Let me ask you: How comfortable are you with God’s promises of blessing without knowing the details of what new things are in front of you? What do you anticipate is in the near future for Lyonsville? What do you think you as a congregation will experience in the next 24 months? Between now and June of 2018 what will be the spiritual terrain, the activities of ministry, the work of remaining a congregation?

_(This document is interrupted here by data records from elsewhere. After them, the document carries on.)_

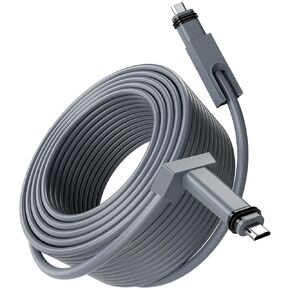 GUUGEI Starlink Cable 75 ft for Rectangular Satellite Internet V2, SL ethernet Router Replacement Cord,1200Mbps Protocol,Waterproof,Grey,Star Link Accessory
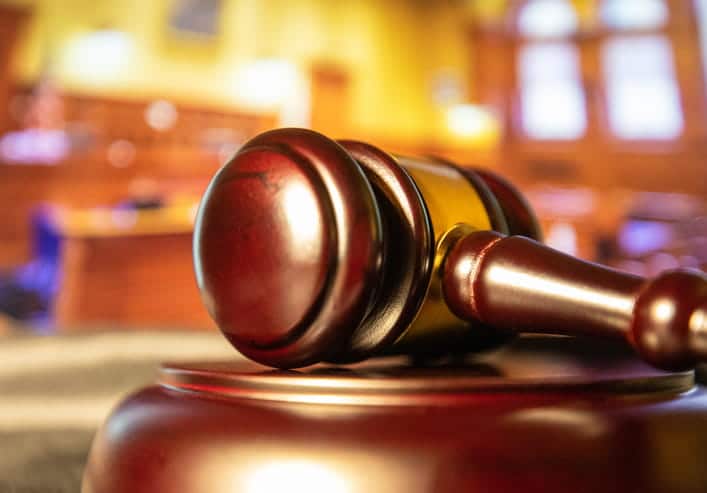 Penalty For A Car Accident Death 2 A gavel on a car accident injury lawyer's desk.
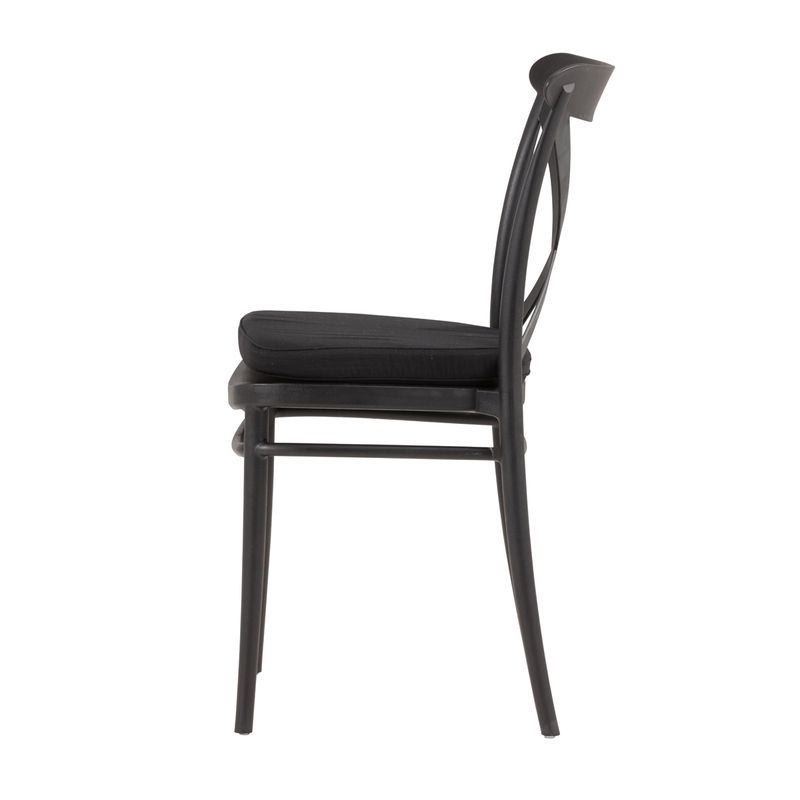 Cross Back Chair Black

I started this prayer bowl at the November congregational meeting to collect prayers for the congregation. The gold papers represent hopes – anticipations – joys The pink papers represent fears – anxieties – concerns. Today we add a new color: green. These are prayers for what is coming up, things that have not yet happened but which we can anticipate happening. These are prayers for change, transition, transformation, prayers related to doing things that this congregation has never done before – or has not done for a very long time.

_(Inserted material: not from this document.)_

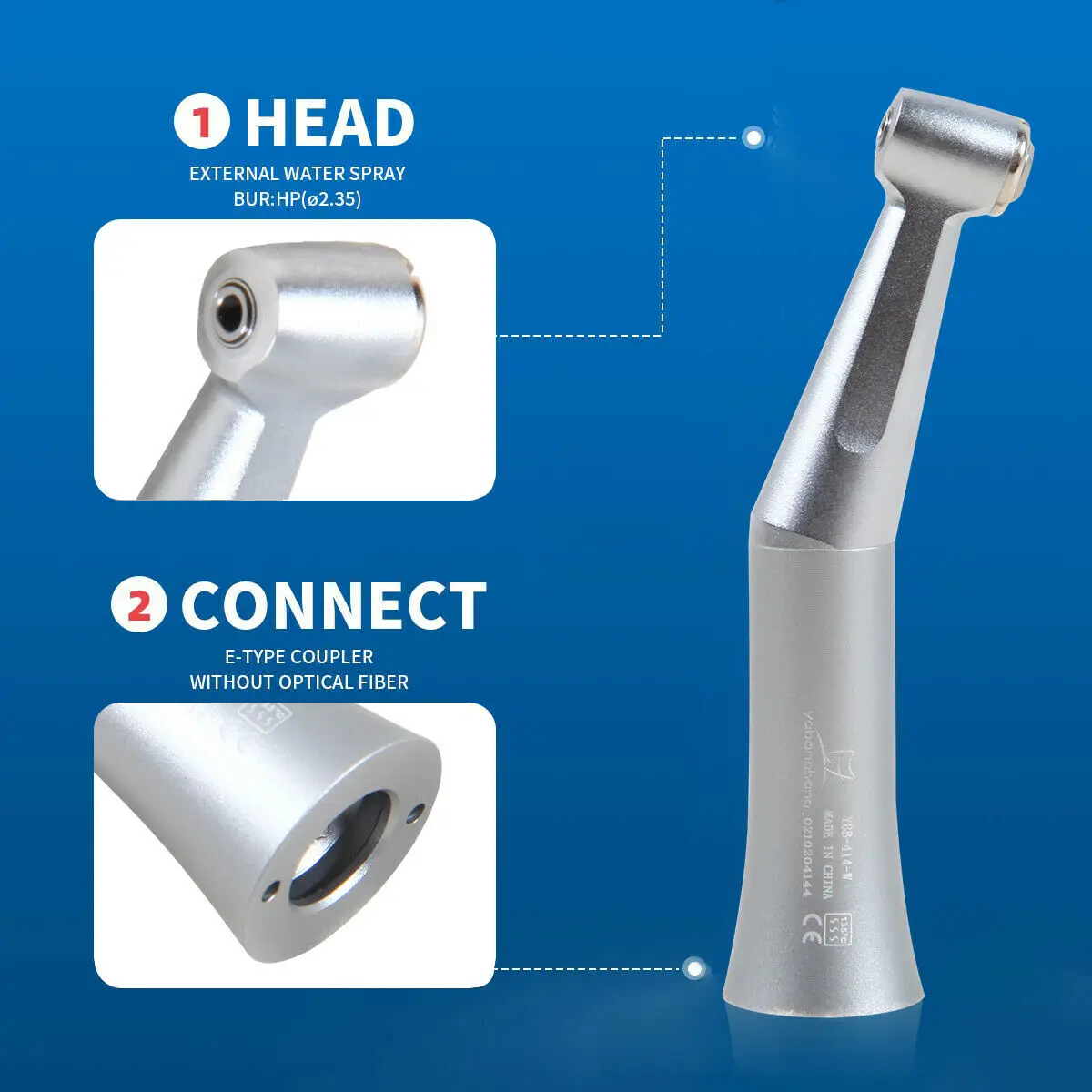 Стоматологическая медленная низкоскоростная контрастная фототурбина подходит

An obvious example: there will be a Search Team called, they will have paperwork to fill out to begin the search process, then they will receive ministerial profiles from interested pastors, and top candidates will be identified, followed by interviews, then in-person meetings, leading to a candidating Sunday when a potential pastor is presented to the congregation for a vote. That might be one thing coming up or it might be six things. But there are other events that are coming up in this time of congregational transition for which we should be praying.

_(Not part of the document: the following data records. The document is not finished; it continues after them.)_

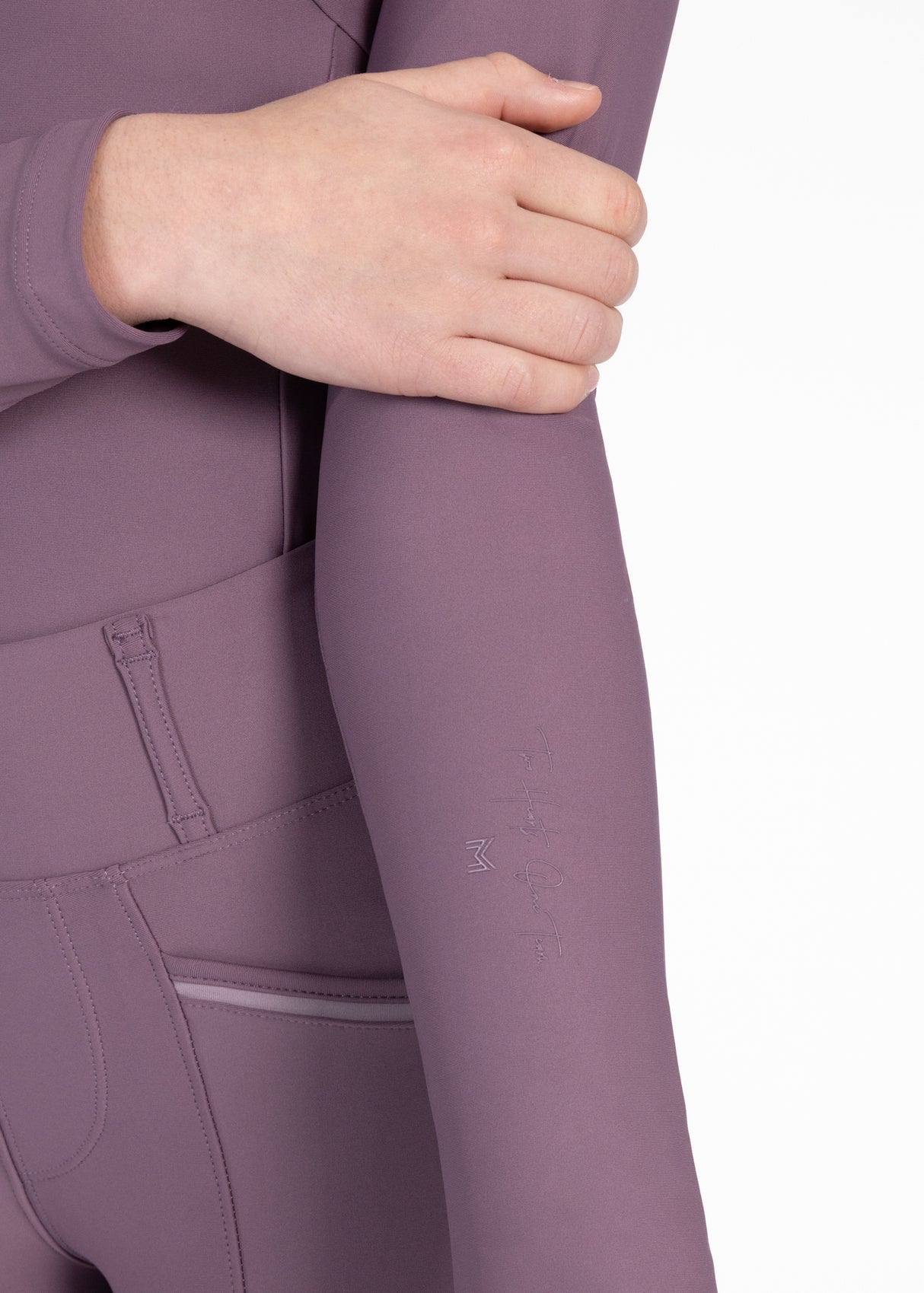 Maximilian Young Rider Long Sleeve Base Layer Plum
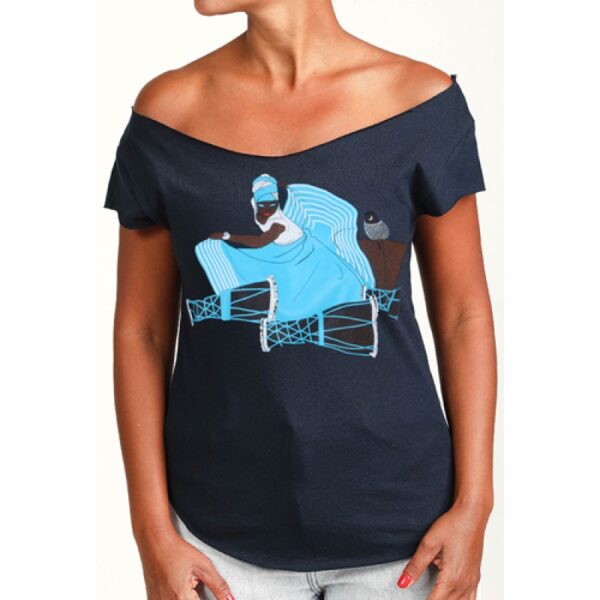 Yemaya Cut Boat Neck T-shirt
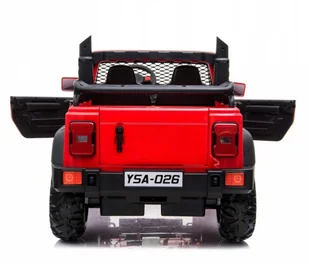Super-Toys MEGA DZIP 4X4, MIĘKKIE KOŁA EVA, MIĘKKIE SIEDZENIE, PANEL, FULL OPCJA /YSA026 YSA-026-CZERWONY - Pojazdy elektryczne dla dzieci Super-Toys MEGA DZIP 4X4, MIĘKKIE KOŁA EVA, MIĘKKIE SIEDZENIE, PANEL, FULL OPCJA /YSA026 YSA-026-CZERWONY - Pojazdy elektryczne dla dzieci - miniaturka - grafika 4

That’s what the green papers represent: things that have not yet happened but which you can see coming across the horizon.
To help you keep track of these prayers and the colors that represent them, I wrote this out on a slip of paper for you. What we’re focusing on right now are the green prayers. Now, it may be that green prayer (a prayer for something coming up) could also be a yellow prayer (a joy, a hope, something hopeful) or possibly a pink prayer (something fearful, anxious, a concern). Maybe you want to put the same prayer on two slips of paper of different colors. But I encourage you to try to keep them separate.
After written prayers have been collected
God of Abram and Sara and many other pilgrims of faith:
we come to you this morning thankful for the people who have shared our journey of faithfulness.
Today we are marking the importance of fathers and father-like men in our lives. We reflect on how males have influenced our growing, the development of our character, the shaping of our values. As we grow in wisdom, we ask that we grow in grace to forgive those men for how they failed us, but to also admit that even in their failures we matured to become who we are now.
Each one of us has been called to be part of Lyonsville at this time of discernment, this time of setting a new course, this time of being the church. We draw on all previous life experiences, and we rely on the freshness of your holy spirit to guide us to a pathway of service in your name.
In this bowl are collected many months of prayers – prayers of concern, prayers of joy, prayers related to what has been and prayers related to what may yet be. With all these prayers we trust the future of this congregation to your care, and we ask for clarity about the future directions of ministry, work, and care for Lyonsville.
As you continue to receive our prayers, we ask that we may learn new ways to understand how you communicate to us. This is part of our prayer this morning.
Now God of Abram and Sara and many other pilgrims of faith,
we gather more prayers as we enter our time of sharing joys and concerns.